▶ [What you have to do]:
Go to the line containing "LABO LB11-44009R Far" in the material below. From there to the end, retype every line exactly and drop the pictures.

▶ [Input data]:
▶

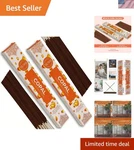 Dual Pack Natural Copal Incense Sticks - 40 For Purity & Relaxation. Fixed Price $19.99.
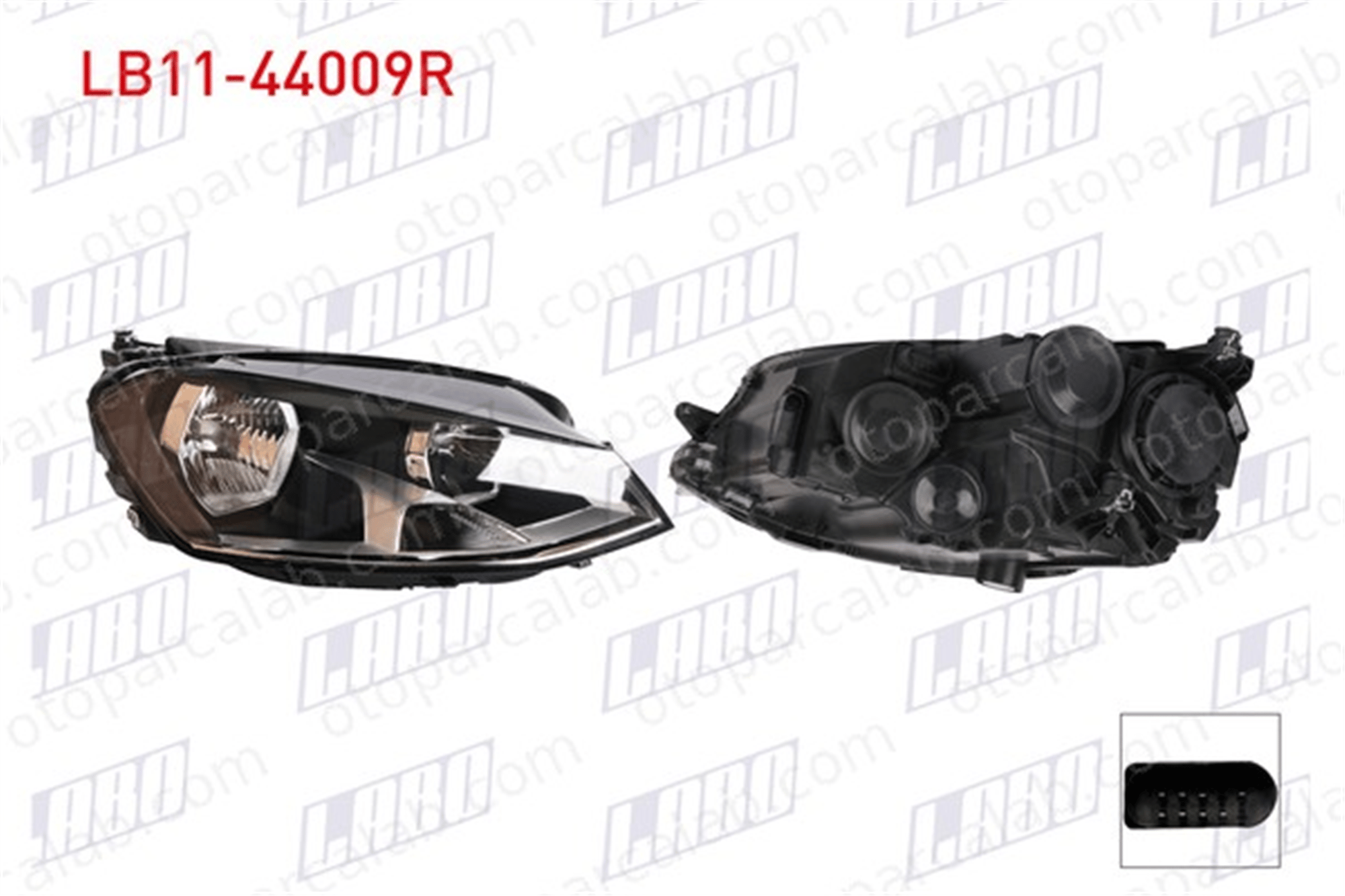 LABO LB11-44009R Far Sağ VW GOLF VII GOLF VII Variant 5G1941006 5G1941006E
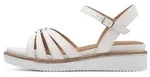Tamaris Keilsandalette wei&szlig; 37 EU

◀

▶ [Result]:
 LABO LB11-44009R Far Sağ VW GOLF VII GOLF VII Variant 5G1941006 5G1941006E
Tamaris Keilsandalette wei&szlig; 37 EU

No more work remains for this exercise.